Michael Wood is the writer and presenter of many critically acclaimed series on television, including “Art of the Western World,” “Legacy,” “In the Footsteps of Alexander the Great” (1998) and “Conquistadors” (2000). He is author of over 70 TV films, which have been shown worldwide, and of several best-selling books.

He was educated at Manchester Grammar School and Oriel College, Oxford, where he did postgraduate research in Anglo-Saxon history. Since then he has worked as a journalist, broadcaster, historian and filmmaker. His films have centered on history, but have included travel -- “Great Railway Journeys of the World” (1982); the BAFTA-winning “Great River Journeys” (1984); “The Sacred Way” (1990)); politics -- “Saddam’s Killing Fields” (1991), an award-winning account of the destruction of the Marsh Arabs of South Iraq, and cultural history -- the award winning “Hitler’s Search for the Holy Grail,” (1999): a study of the abuse of history and archaeology under the Nazis. “Conquistadors” (2000) followed four epic journeys during the Spanish Conquest of the New World and came top in The Guardian's 'Review of Reviews' for the year 2000/1.

Among Michael Wood’s special interests, Greece has always figured prominently. He has made 15 films in Greece and among his publications are the number one bestsellers, “In Search of the Trojan War” (on the archaeology of Homer and the Bronze Age) and “In the Footsteps of Alexander the Great.” These books have been translated into a number of European languages, including Greek. Indian civilization has also long been a special interest: Over the years Michael Wood has made a dozen visits to India, and in addition to his films “Darshan” and “Legacy,” he has written The Smile of Murugan (John Murray), about a small town in Tamil Nadu and its annual pilgrimage. He is also a contributor to “Chidambarnm and Naturaja,” a series of essays on the cult of Shiva in South India (Marg, Bombay, 2004).

His academic background was in early medieval English history; among his publications in this area are In Search of the Dark Ages and Domesday. (both No. 1 best sellers in the UK) He was also a contributor to Ideal and Reality in Frankish and Anglo-Saxon Society (Blackwell 1983). He lectured recently at academic conferences on Anglo-Saxon history in London and Kalamazoo, and is a contributor to Lay Intellectuals in Early Medieval Europe (Cambridge UP 2005).

Recently, he published a series of medieval essays concerned with English identity: In Search of England. (Viking and University of California Press). Of this book, The Times Literary Supplement said: “Better than any historian for decades, Wood brings home not just the ways in which buildings, landscapes and written texts may be read, but the sensual beauty of encounters with them.”
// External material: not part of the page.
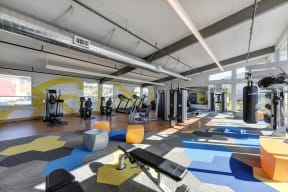 Gym with Hardwood Floor, Treadmills, Excercise Bike, Weight Machines, Full Windows with View of Exterior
Wood has had a lifelong interest in Shakespeare. As a student he toured the US with Shakespeare, working with directors such as Richard Cotterell and Jonathan Miller. He made three films for the BBC about the history plays, and contributed to Shakespeare in Perspective (1985). His controversial series “In Search of Shakespeare” (BBC/PBS 2003) was the first TV documentary life of Shakespeare. Of the book that accompanies the series, academic Jonathan Bate wrote in the Sunday Telegraph, “It is a great pleasure to report that, thanks to the author's gifts as story-teller, populariser and interpreter of the past, Shakespeare's world is brought alive more vividly than in any other biography of him that I have read.”

His latest BBC/PBS project,, “In Search of Myths & Heroes” (2005), explores iconic global myths and uncovers not only why legends were created but how they have been used, both politically and culturally, over the years -- and why we still need them today.

Wood was elected a fellow of the Royal Historical Society in 2001. He lives in North London with his wife and two daughters.